Monday, October 10, 2016

Where do I begin?

Unless you live under a rock you know about the tapes that have been leaked from 2005 where Donald Trump discusses sexually assaulting women. He says he kisses them whenever he wants, he grabs their p*~say whenever he wants. He can do it because he is a celebrity and can get away with it. He also tried to have sex with a married woman, but she didn't allow it to happen. Keep in mind he was 59 at the time, not some teenager or 20something. I would expect to hear this kind of stuff coming from Justin Beiber, and it would be just as awful from him. Keep in mind Trump was now married to Melania who was pregnant at the time.

But listening to him talk about how he could get away with this triggered an event in my life I prefer to forget even happened.

I am from Indiana, but moved to California when I was 25 to do an internship at "The Young and the Restless". From that internship I got a job at Witt-Thomas productions. From there I went to Universal Studios. It was there that I met A. We had been working together for well over a year. We went on three dates. On the second date he tried going further then I was prepared to go. I was a 28 year old virgin who didn't intend to have sex unless I was in love with the man. I didn't know how I felt about A. I mean it was only a second date and I didn't have that "feeling" about him. I'm not saying it might not have come in time, but at that point I wasn't there yet. He backed off right away, it made me feel good about him. Third date we decided to stay in and watch movies, I made margaritas. I made them, so I know they weren't that strong.

I was on my second margarita and I really don't remember anything after that. I woke up the next morning with him in my bed. I also knew physically that I was no longer a virgin. I blamed myself. Figured I made the margarita stronger then I had thought. Though I had agreed to sleep with him. Just couldn't see it all happening any other way. He left, and that was the last time I went out with him. I just didn't feel comfortable with the thought of dating him anymore.

A few months later another guy who also worked at Universal, but in a different area, asked me out. We had been on multiple dates when A cornered me in the office and asked me if I had met little David, or had he broken me. That was my first anxiety attack. I was shaking so hard and could barely breath. I ended up going to the nurse. I told her what had happened and she said I should enjoy a guy fighting over me while I was young. That made the anxiety attack even worse!

I ended up talking to a different nurse who was far more compassionate. She had me fill out a report for workplace sexual harassment. That was the last day I worked there. Every time I got near it I would have an anxiety attack. Even then I couldn't admit that A had raped me. I continued to blame myself. To say if I hadn't dated him, or had the margaritas. That it was all my fault.

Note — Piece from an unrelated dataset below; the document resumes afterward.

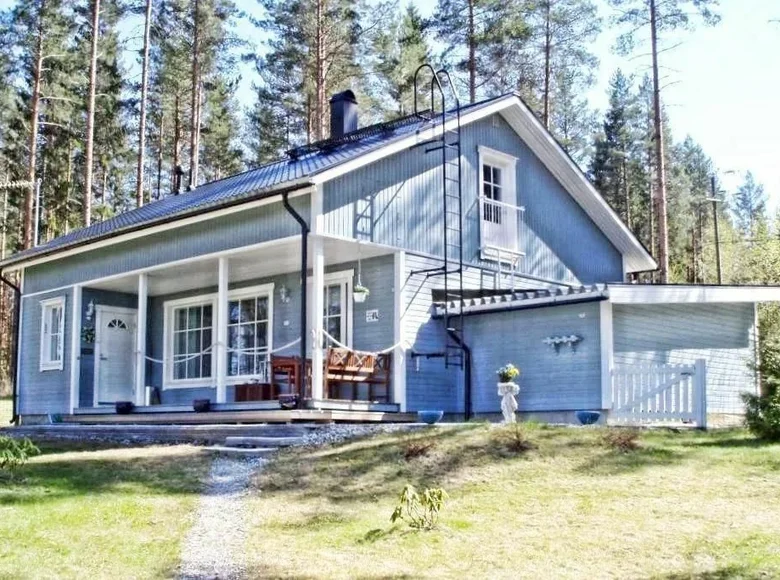 Dom wolnostojący 5 pokojów 123 m² Southern Savonia, Finlandia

David was so understanding about it all. He wanted to beat A up, but I told him that wouldn't help me. He was so wonderful about it all. I had known on our first date he was the one. I had fallen in love. He just made me feel loved and wanted and appreciated. He took it very slow, went at my pace. He is the only man I have ever made love with. It wasn't until after his death, when I was doing my grief counseling that it all came out. I guess I was wounded enough to finally talk about it, this was the first time I had ever talked to anyone about that night, not even David knew the true details. How do you tell your husband that? He knew he wasn't my first, but he didn't know how it had happened.

After talking it all out, every painful details. It's fairly obvious that A slipped something into my drink. Even when I have had a lot more then two margaritas I have never blacked out like that. So A decided he was going to have sex with me whether I wanted to or not. What happened that night was not my fault, I did nothing to make or allow that to happen. I was raped plain and simple.

Certain smells are still triggers, like the stuff he put in his hair. If I smell that I start to shake. Listening to Trump talk about woman the way he did is an absolute trigger. He, much like A, thinks he is Gods gift to women. And that he should be able to have whoever he wants when he wants it.